A changeling is left by the nurse’s side
And she in the young heir’s place shall stand.
And when his song was clone, he whispered to her that this must forever be a secret thing between them, a confidence. Before she could object or even think to ask why, the bogie quickly related to her all the mischief that had been done to people only suspected of being changelings. He noted, with an obvious, smug sort of pride, that virtually none of the condemned had actually been born to the Shining Court, for the Sidhe are generally much too cunning to allow the babes they leave in place of stolen human children to be found out.
She listened, only half believing, for her life had been easy and kind, and she was unaccustomed to such awful tales. Besides, they’d all happened a very long time ago, in a more superstitious age, in countries far across the sea. All those suspect infants left out to freeze on cold Welsh and English nights, abandoned on cairns or graves or in ditches, the ones flogged and the others placed on hot shovels and held over the coals. Sometimes, the bogie confided, an unfortunate was fortunate enough that it was only pelted with bits of iron or placed in a dung pile.
The logic was simple, said the bogie. Surely, we’d never allow our offspring to suffer so grievously, and would rush in at once to reclaim those left in the stead of their own wee pink whelps.

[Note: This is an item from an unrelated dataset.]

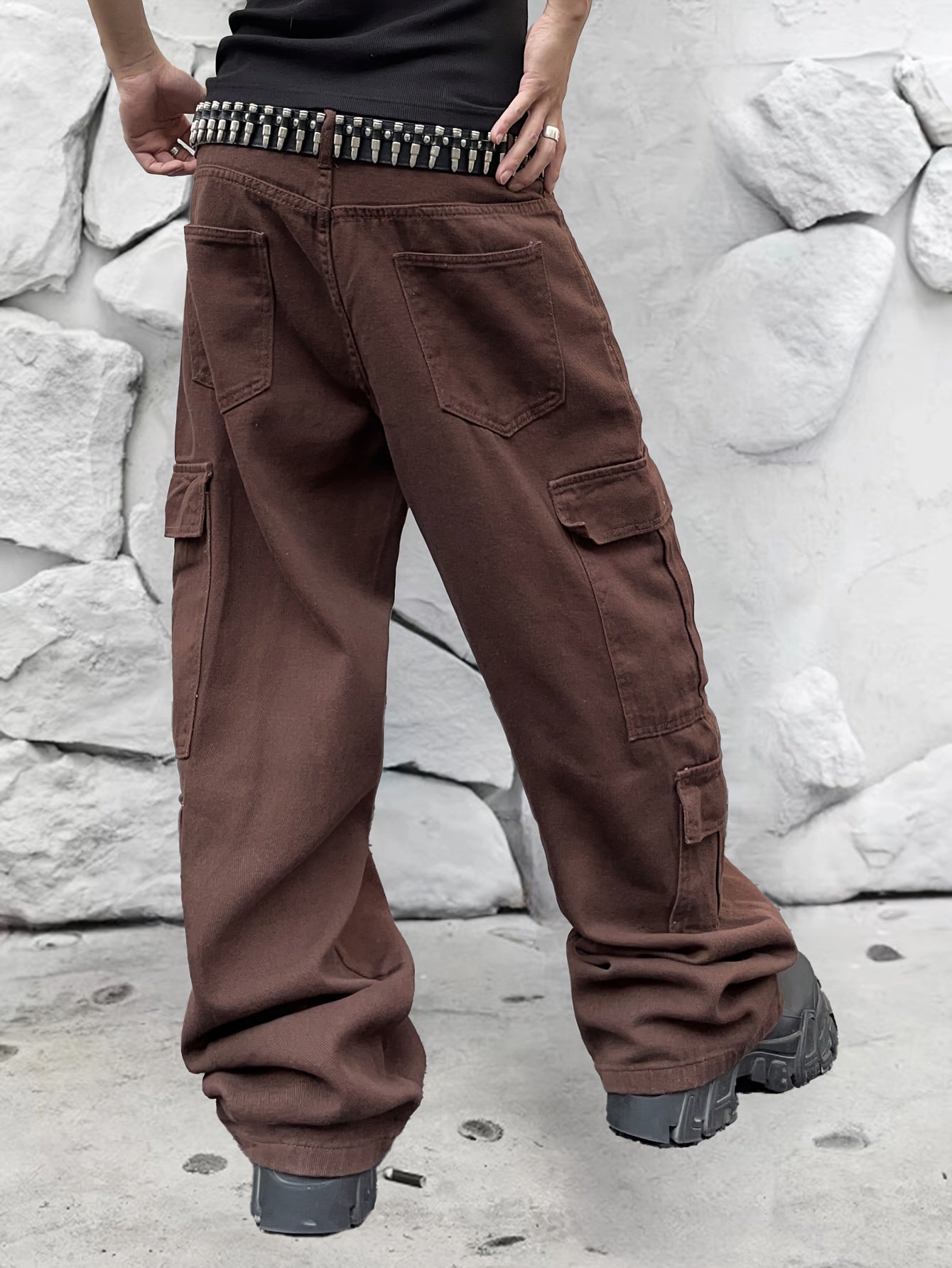 Street Style Solid Wide Leg Cargo Denim Pants For Men, Leisure Trendy Jeans For Males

And, in case all this was still insufficient to keep her from telling tales and giving away the game, the bogie then assured her that it was not only the very young who’d been tortured and suffered at the hands of priests and “fairy doctors.” Consider, he told her, the case of an Irish cooper (and here he had to pause to explain that a cooper was one who made wooden barrels and wash tubs) who’d suspected his own wife of being a fairy. She had been stolen, he believed, and an almost perfect imposter left behind. Only almost perfect, though, because the cooper claimed his wife was not so pretty, and, besides, the imposter was two inches taller than the woman he’d married. The cooper performed a sadistic rite of exorcism, aided by friends and even the unlucky woman’s own cousins. They held her immobile while she was forced to swallow a noxious concoction of milk, piss, and chicken excrement, and then placed her naked body above the hearth fire, instructing her to fly away up the chimney. However, neither torture proved sufficient to banish the pretender and restore the cooper’s mortal bride. So, the very next night, and again with the assistance of friends and family, the husband drenched the poor woman in lamp oil and set her ablaze with a hot brand. Her charred corpse was found in a shallow grave barely even a quarter mile from their home, the bogie concluded. He stared a moment, looking down into the girl’s eyes, and into all the places behind her eyes, to be sure that she’d understood.

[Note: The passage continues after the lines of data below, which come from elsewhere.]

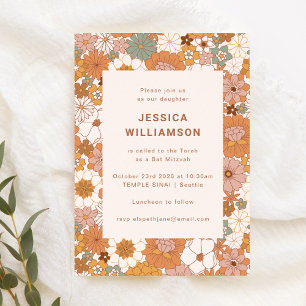 Convites Retro Boho Terracota Floral Fofo Bat Mitzvah
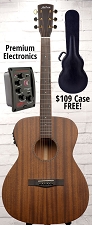 Astrea AS640E OM All Mahogany Guitar Free Case!  Electric- Solid Top, Mahogany Back and Sides - Natural 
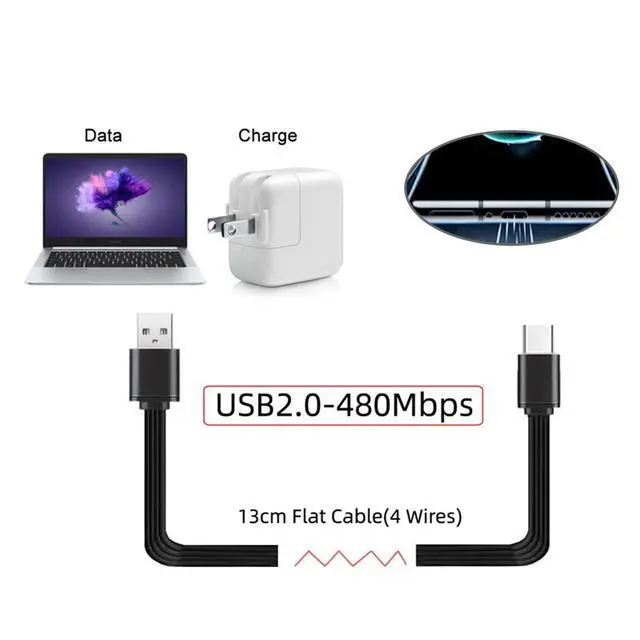 Alt view image 3 of 6 - xiwai USB 2.0 Male to USB-C Type-C Straight Type Data Flat Slim FPC Cable for FPV & Disk & Phone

When the sun rose, the fairies had all gone away, the revelers and the hairy, admonishing bogie, and many years passed before she saw any of them again. And no one knows that she is a fairy lady. No one alive, at least.
She keeps her secrets well, and in this day and age very few take note of her peculiarities or the way she always smells like a summer afternoon Her neighbors have no cows to stop giving milk if she strays too near, and no chickens to stop laying. She lives at the edge of a great, glittering city, and the people there are far too busy and concerned with money and taxes, electronic gewgaws and the price of gasoline, to worry about fairies. Whenever they might pause long enough to bother being afraid of anything, it’s likely no more than bankruptcy or old age, cancer or the gay couple who moved in next door or, perhaps, an imam overheard praying the salat on a commuter flight. There is no more time in their lives for fairies and changelings than there is for dragons and wicked witches, and often the fairy lady marvels what good fortune she’s had to be a changeling in so cynical and disentranced a time and place.